Reproduce the entries word for word but drop every picture.

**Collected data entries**
════

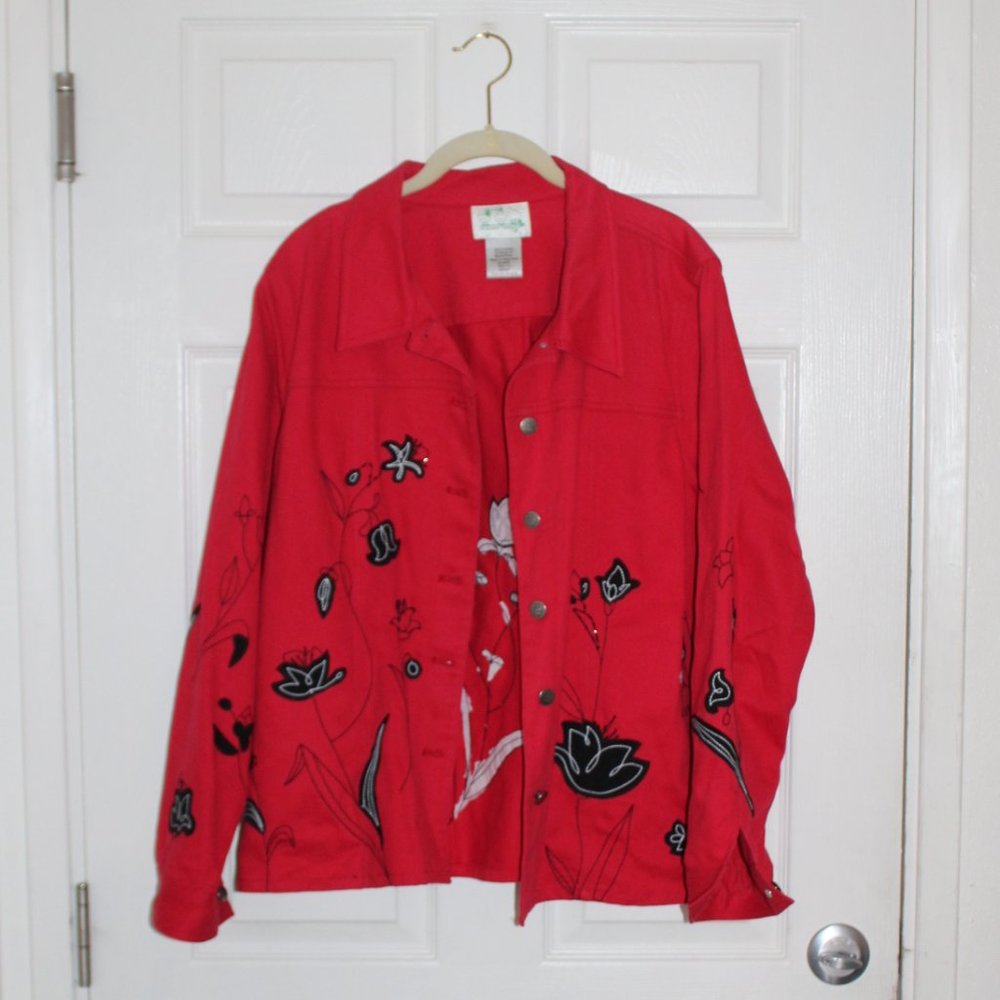 The Quacker Factory Embroidered Denim Jacket Women Large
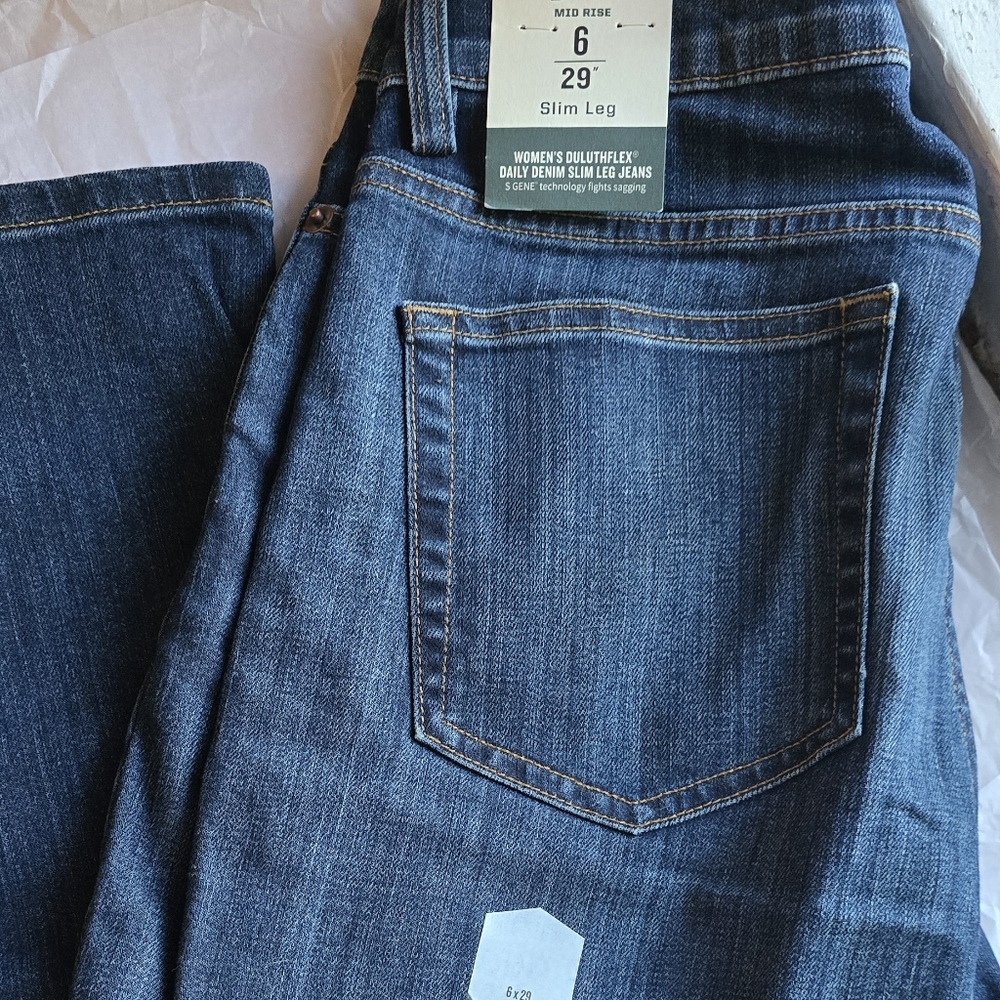 Duluth Trading Co Women's Straight Leg Jeans - Blue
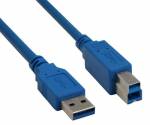 3 m USB 3.0 Kabel, Typ-A Stecker an Typ-B Stecker, blau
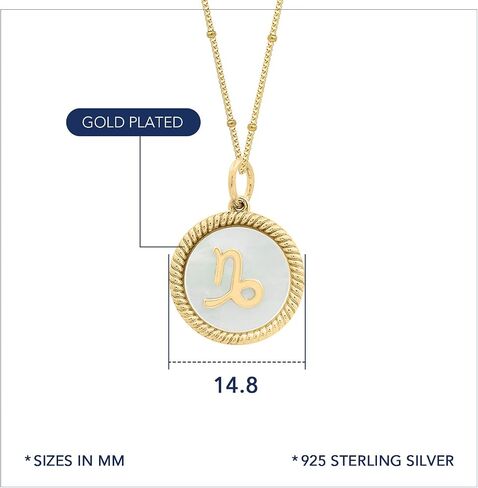 J'ADMIRE 14K Yellow Gold Clad Sterling Silver Mother of Pearl Astrology Horoscope Zodiac Sign Round Pendant Necklace for Women Mother's Day Gift in Saudi Arabia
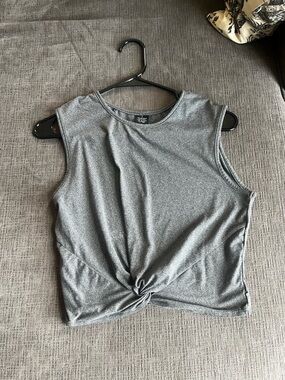 Sleeveless Gray Twist-Front Tank Top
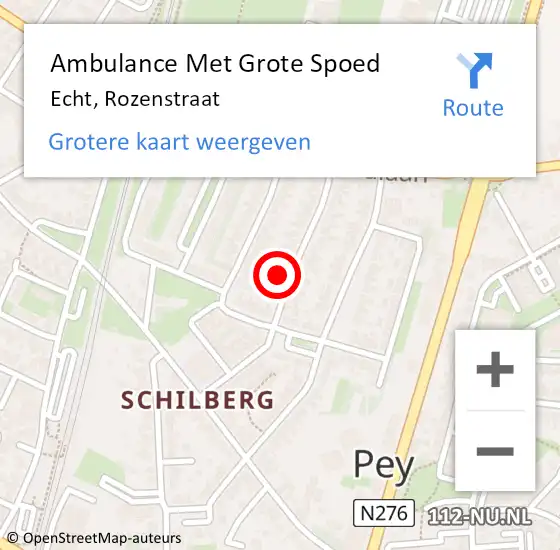 Locatie op kaart van de 112 melding: Ambulance Met Grote Spoed Naar Echt, Rozenstraat op 13 maart 2022 22:49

════

**REPLY TO THE EXERCISE**
 The Quacker Factory Embroidered Denim Jacket Women Large
 Duluth Trading Co Women's Straight Leg Jeans - Blue
 3 m USB 3.0 Kabel, Typ-A Stecker an Typ-B Stecker, blau
 J'ADMIRE 14K Yellow Gold Clad Sterling Silver Mother of Pearl Astrology Horoscope Zodiac Sign Round Pendant Necklace for Women Mother's Day Gift in Saudi Arabia
 Sleeveless Gray Twist-Front Tank Top
 Locatie op kaart van de 112 melding: Ambulance Met Grote Spoed Naar Echt, Rozenstraat op 13 maart 2022 22:49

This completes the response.